Open bpetit opened 3 years ago
Is there any reason to want an msr-based sensor instead on a sensor based on perf_open
(https://www.man7.org/linux/man-pages/man2/perf_event_open.2.html) ?
It seems to me that perf_open
have lower right requirements : a /proc/sys/kernel/perf_event_paranoid
value of less than 1 or the CAP_PERFMON
(since Linux 5.8) or CAP_SYS_ADMIN
capability.
MSR reading on the other hand, requires root, which will generally quite hard to obtain on production systems.
Hi,
what do you think about this (maybe old) code?
https://github.com/kentcz/rapl-tools
I am not working with AMD but I am facing a similar problem on a 11th Gen Intel(R) Core(TM) i9-11900 where the id of the model is:
printf "0x%X\n" $(cat /proc/cpuinfo | grep model | grep -v name | uniq | cut -d: -f2)
0xA7
and the os is
Linux arriel 5.8.0-55-generic #62~20.04.1-Ubuntu
In this setup, rapl linux modules does not seem to be supported, however, the code I mentionned is giving me some power measures.
I am currently checking whether these are correct by comparing their values on another machine where rapl linux modules are usable.
I am also having a look at variorum, but it does not seem to solve the support issue
Were you looking for something like this? Or do you think that a portable solution dealing with the different cpu architectures would be much more complicated to implement?
Thanks for your input if you have any clue.
@PierreRust you are right about the requirements of accessing the MSRs. I guess we should provide both approaches, if possible. I'm currently working on #74 and using the MSRs (indirectly, through a custom driver) is a solution that seems to work properly in that context. On linux however, we should probably give a shot on perf_open !
@paulgay thanks for sharing those tools, I didn't know varorium and it seems worth following the project to see if it can help at some point.

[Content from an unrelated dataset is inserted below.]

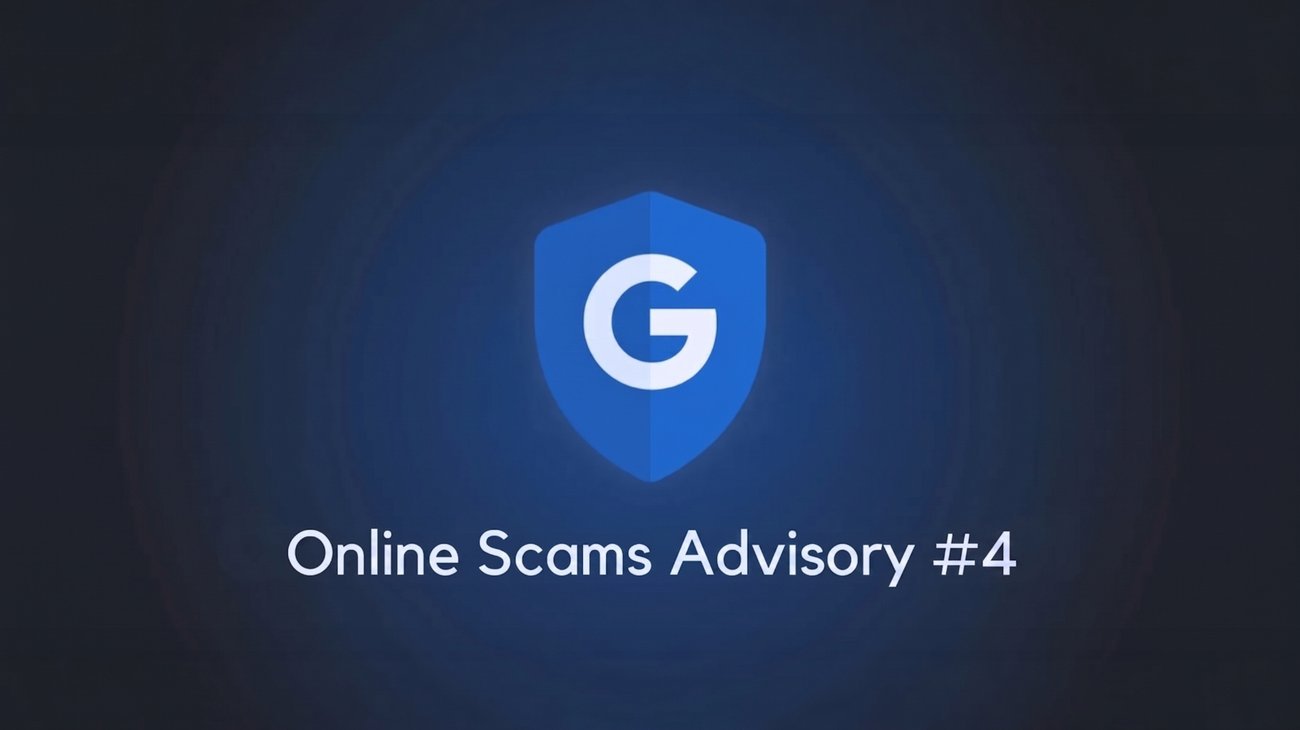Waarschuwing voor Google-fraude en zwendel juni 2026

Looking at your CPU, I think this is related to #131 . You should follow this thread instead of the MSR one, which is more an exploratory topic. In your case it seems to be because of powercap changes on the most recent intel CPUs, as discussed in the thread.

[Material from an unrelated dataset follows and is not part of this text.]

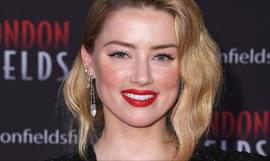 Amber Heard estuvo de visita en Panam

Regarding MSR-based sensors, I'm working on one for windows, as mentionned in the previous lines. This will probably not be linux compatible soon, but we could start from that draft to bootstrap something for Linux. Or we could start something using perf_open as @PierreRust mentionned. The later seems more accurate for Linux, but I'm not ready to work on that personally so it's a bit early to say that we will take one direction or another.
Problem
We noticed that for kernel older than 5.11 on AMD Zen CPUs, perf is working fine and scaphandre is not. The reason is that kernel drivers for amd cpus needed by powercap to get rapl data are not present before 5.11. Perf relies on MSR.
Solution
We need an MSR based sensor to be able to get metrics when powercap rapl is not a solution.
Alternatives
None that I think of, but discussions are welcome.
Additional context
None.